Monday, April 6, 2015

Equilibrium Access? Decentralization is Needed

After all, decentralization would allow possibilities for alternative equilibrium that would make like easier for some, without being problematic for others. Problems ensue when too many aspects of production and consumption become defined on government based terms. The result is a primary equilibrium which struggles to generate broad access - from a centralized vantage point - for wildly variant incomes and budgets. How do producers and consumers manage to access infrastructure settings which have far too much in common?

Often, they don't. Yet many failed attempts in this regard, appear as though "arbitrary" (i.e. discriminatory) exclusions. Another way this process plays out is through blanket forms of monetary compensation, which - by raising the (single) equilibrium level - continue to undermine the original goal of economic access.

Richard Cornuelle - who I highlighted in yesterday's post - built an organization which proved "tempting" for government - hence ultimately led to an example of the latter process. His efforts to generate a functional independent sector for student loans, were gradually replaced by the entry of government into the same setting. The problem? What once served as a way to target low income students who had the drive and initiative to succeed, was replaced with student loans for everyone. As Cornuelle noted,
The effect of the federal program has been to undermine the confidence of commercial institutions in the credit-worthiness of college students, and they are destroying the very thing they set out to promote.
Considerable incentive exists on government's part, to scale up social program business models to the greatest degree possible. In this instance, educational costs have also increased more, than otherwise would have been the case. Any "blanket approach" of compensation for economic access - as opposed to closely targeted needs - eventually spreads out across the equilibrium as a whole, raising the bar of entry for everyone.

Many circumstance that involve limited access in primary equilibrium, have been viewed as various forms of discrimination - a process which of course includes gender. As universities continue to favor out of state and international students because of higher tuition charges, discrimination could appear as though applicable to most any group imaginable.

How could decentralization help? The biggest concern is a lack of space for economic participation at the level which so many are expected to prepare for. Democracies can become stunted, when people are forced to adhere to the same limited choice sets in one equilibrium. Even if every student were fortunate enough to access the "right" university and make the grade, little else would be different, afterward. Of the universities most likely to survive a higher education shakeout in coming decades, the "survivors" will more closely reflect the actual high income options available after graduation.

Given this unfortunate situation, it would be beneficial to generate new forms of infrastructure patterns that are capable of allowing smaller incomes to accomplish far more than is now the case. Fortunately, the lower costs of digital education will provide a good starting point.

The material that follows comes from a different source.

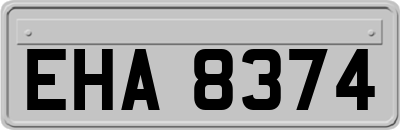 EHA8374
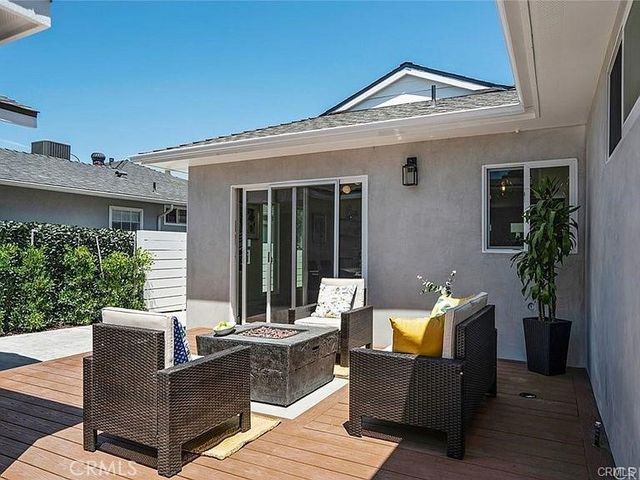 4931 Murietta Avenue, Sherman Oaks, CA 91423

The need for alternative equilibrium solutions is actually a recent development. In mid twentieth century, income levels were more closely aligned, and Washington was able to contribute to infrastructure in ways that provided real gains for all concerned.  However, it has become difficult for most centralized governments to provide large scale infrastructure projects. It is all that many municipalities can do just to maintain the existing infrastructure which exists now, and future communities will need to seek out forms of infrastructure which take a different approach for all concerned.

Possibly the main problem for primary equilibrium, has been the pressure to leave most housing costs at a price point which makes it difficult for lower income level households to purchase food without government assistance. This is inexcusable, given the fact that food costs in the U.S. overall are more reasonable than anything else one needs to purchase on a regular basis. Lower income levels should not have housing expenses that are 47% of their income.

However, new communities will need organizational patterns which allow local citizens to invest in both land and building components, so that no one need commit more than a third of their income to housing investment unless they actually want to. Not only would these investment structures provide means for incremental growth, but also a shared community base which makes an alternate equilibrium possible.